|2011-03-04 10:08:41||NEW PAPER: Evidence for super-exponentially accelerating atmospheric carbon dioxide growth|
Another powerful new paper hot off the presses (emphasis mine):
The paper is predominantly mathematical but a blog post about this that talks about the end result rather than the mathematical methods would be accessible to a lay audience. It particularly has some very powerful graphics at the end that would be good to include - they tell a very strong story of the rise in CO2 levels that combined with their analysis is sobering stuff.
I'm sending off Daniel's MWP post and Dana's carbon price post to Treehugger today - if anyone wants to have a go at this one, say so here as I think this is another good one for Treehugger and the paper is very new so I doubt it's been covered much yet.

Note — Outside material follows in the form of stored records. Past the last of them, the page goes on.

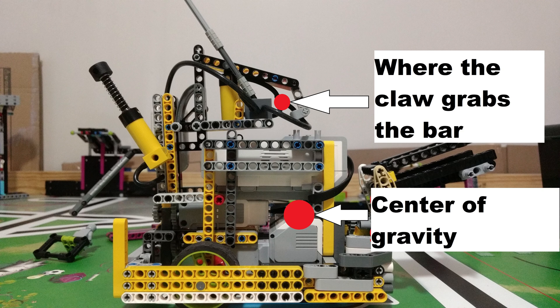I also had to make sure that my switch was high enough in order to trigger when driving under the bar, but not so high that the robot would get hung up and unable to drive under the bar.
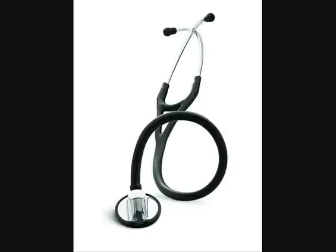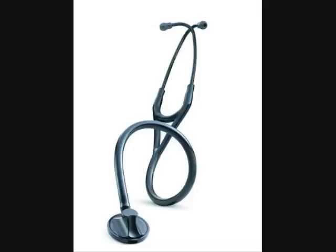Welcome to DrStetoscope.com. You're looking at the 3M Littmann Master Cardiology Stetoscope. It comes in a variety of colors. A tunable diaphragm and superb craftsmanship offer the ultimate performance in a single-sided stetoscope.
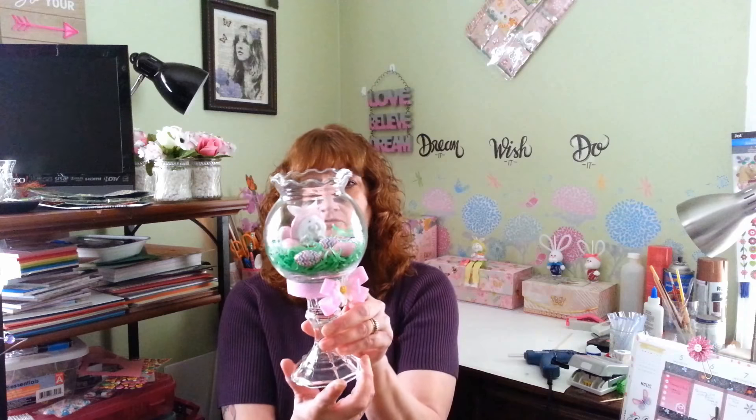Hi everyone, welcome back to my channel. If you're new, welcome! Today I want to show you guys my cute little craft project that I made. It was part of a collab that I did with Tammy from My World and OKC — it's a little Easter challenge to do with five items that we picked from the Dollar Tree. They have some really adorable little things there this year, and I came up with this little candy dish decoration.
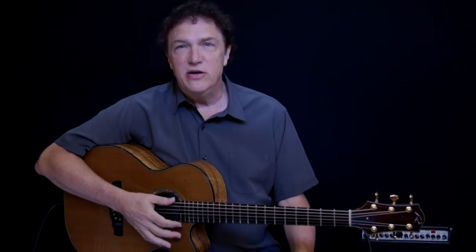Hi, I'm Doug Young. I'm a contributing editor to Acoustic Guitar Magazine, and I'd like to demonstrate a few things about acoustic guitar amplification to go along with the article titled Get Heard.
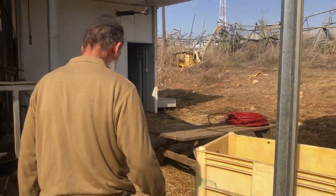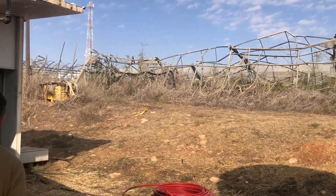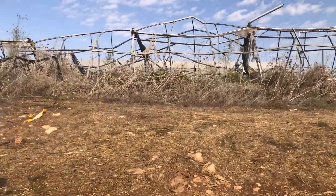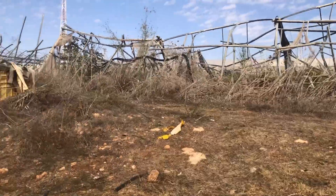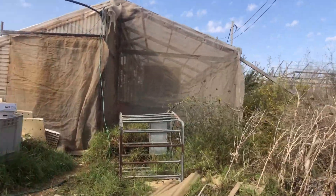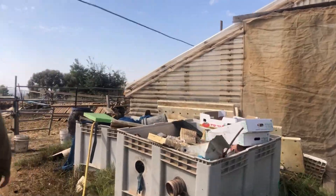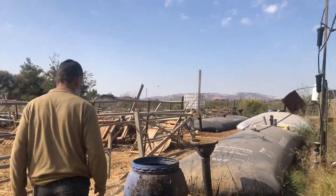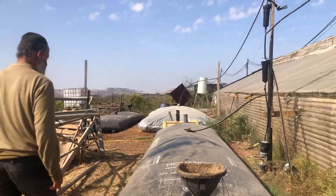Now I'll quickly show you. We're walking with a friend of mine, Alon Zimmerman, on the Itamar Farm, and he showed me around some of his fascinating and amazing advancements — very scientific, modern. He has a lot more in store, but he's going to show us how he produces methane gas.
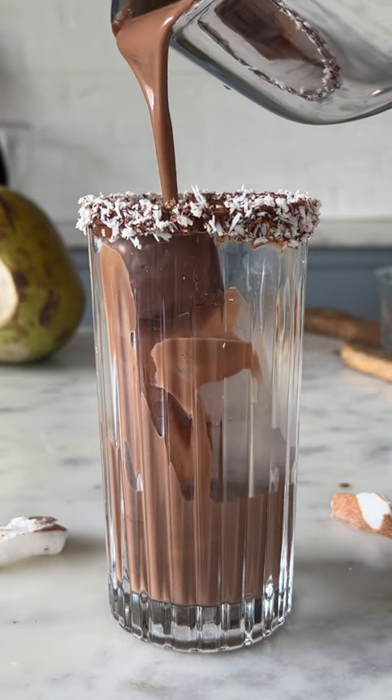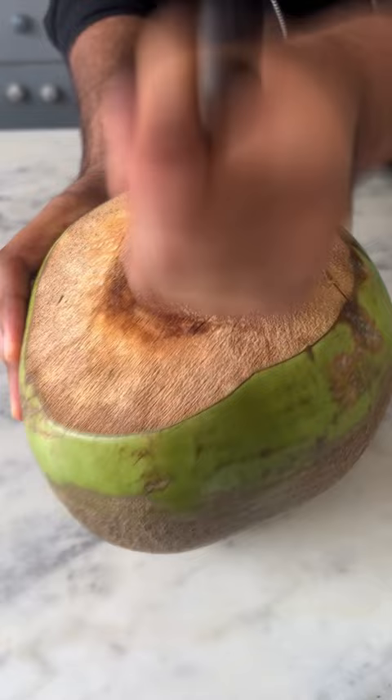Let's make the most delicious Bounty Cold Cocoa. The first thing you need is some coconut water. Pour it all into an ice tray and let it freeze overnight.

Be careful here, I cannot find a journal where this has been submitted/peer-reviewed/published. Usually the journal is given in the arXiv abstract page, but this one doesn't mention any journal. ArXiv is not a peer-reviewed source. It's just a preprint server and it is being abused by some people to push non-peer-reviewed material as if they would be peer-reviewed. I'm not suggesting that this particular paper is bad - just to be careful.
My impression is that it's a whole lot of math for a little bit of data.
Or, to quote Mark Twain:
"In the space of one hundred and seventy-six years the Lower Mississippi has shortened itself two hundred and forty-two miles. That is an average of a trifle over one mile and a third per year. Therefore, any calm person, who is not blind or idiotic, can see that in the Old Oolitic Silurian Period, just a million years ago next November, the Lower Mississippi River was upwards of one million three hundred thousand miles long, and stuck out over the Gulf of Mexico like a fishing-rod. And by the same token any person can see that seven hundred and forty-two years from now the Lower Mississippi will be only a mile and three-quarters long, and Cairo and New Orleans will have joined their streets together, and be plodding comfortably along under a single mayor and a mutual board of aldermen. There is something fascinating about science. One gets such wholesale returns of conjecture out of such a trifling investment of fact."